The Natural Gas Regulatory Authority set on Thursday the fee that private sector players will have to pay to use the state’s national grid to transport gas at USD 0.38 / MMBtu, according to its official website. The rate applies for the first year of the program, suggesting a revision could be in the works after the initial trial period. License fees will be calculated based on the amount of gas transferred and can be settled in EGP. The regulator will be issuing permits for different types of commercial gas market activities, including grid operations and maintenance, supply, distribution, and shipping, with different fees set for each type as follows:
- USD 0.57/MMBtu for transmission licenses;
- USD 0.31/MMBtu for shipping licenses;
- USD 0.23/MMBtu for distribution licenses;
- USD 0.08/MMBtu for supply licenses.
Background: The Oil Ministry had said last month that the regulator was given the green light to begin issuing and revoking licenses for private players in the natural gas industry, a move that was made possible by the deregulation of the sector through the Natural Gas Act.
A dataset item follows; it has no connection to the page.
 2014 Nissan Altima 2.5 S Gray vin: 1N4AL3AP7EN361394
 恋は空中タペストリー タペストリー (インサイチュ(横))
No word yet on import licenses: There’s no word yet on when the first import license will be issued, but sources had previously said to expect the first before the end of 2018.We had heard last year that EGAS gave BB Energy, Fleet Energy, and Qalaa Holdings’ TAQA Arabia preliminary approval on natural gas import licenses, which still need to be ratified by the new regulator. Alaa Arafa’s Dolphinus Holdings, which signed a USD 15 bn natural gas import agreement with Israel earlier this year, is also expected to be among the first to receive an import permit.